Qui devrait prendre des suppléments de vitamine D ? Quelles maladies peut-elle prévenir ? Et quel serait le niveau recommandé dans le sang ? Autant de questions qui poussent les experts à faire des études sur la vitamine D.
Les bases de la vitamine D
Les centenaires de la découverte de la vitamine D ont étaient fêtés en 2022. Au début du 20ème siècle, plusieurs médecins et scientifiques de différentes institutions cherchaient la cause du rachitisme et ont observé que la consommation d’huile de foie de morue prévenait et traitait cette maladie osseuse. L’exposition au soleil semblait être efficace.
En 1922, une équipe dirigée par le biochimiste américain Elmer McCollum, a découvert le remède et lui donne le nom de « vitamine D ».
Durant cette époque, de nombreuses vitamines ont étaient découvertes – les lettres A, B et C étaient déjà utilisées.
Des décennies plus tard, avec plus de recherches et de détails sur la structure moléculaire, ont permis de dire que la vitamine D est en fait une hormone.

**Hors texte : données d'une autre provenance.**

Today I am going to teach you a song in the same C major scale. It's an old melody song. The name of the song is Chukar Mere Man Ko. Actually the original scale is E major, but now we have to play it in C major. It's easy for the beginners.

Actuellement, il y a des scientifiques qui essaient d’imposer le vocable « hormone de la vitamine D », mais le terme « vitamine D » reste très populaire.

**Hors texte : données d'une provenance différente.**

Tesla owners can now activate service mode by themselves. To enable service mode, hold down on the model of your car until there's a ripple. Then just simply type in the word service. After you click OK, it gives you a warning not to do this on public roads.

Aujourd’hui, il est prouvé que la vitamine D régule la quantité de calcium et de phosphore dans notre corps, ce qui est essentiel à la croissance et au maintien des os, des dents et des muscles. En somme, la vitamine D est très importante pour la santé des os et des muscles.
Nous savons également que nous pouvons obtenir de la vitamine D à partir de l’exposition au soleil, par l’alimentation et la supplémentation.
L’endocrinologue Marise Lazaretti-Castro, professeur à l’Université fédérale de São Paulo (Unifesp), affirmé que c’est une idée reçue de penser que les effets de la nourriture et de la supplémentation se feront ressentir que s’il y a exposition au soleil.
« C’est faux de dire que vous devez prendre un bain de soleil même si vous prenez de la vitamine. Le soleil, produit de la vitamine D. Si vous en prenez par le biais d’aliments ou de suppléments, vous n’avez pas besoin de vous exposez au soleil», explique Lazaretti-Castro.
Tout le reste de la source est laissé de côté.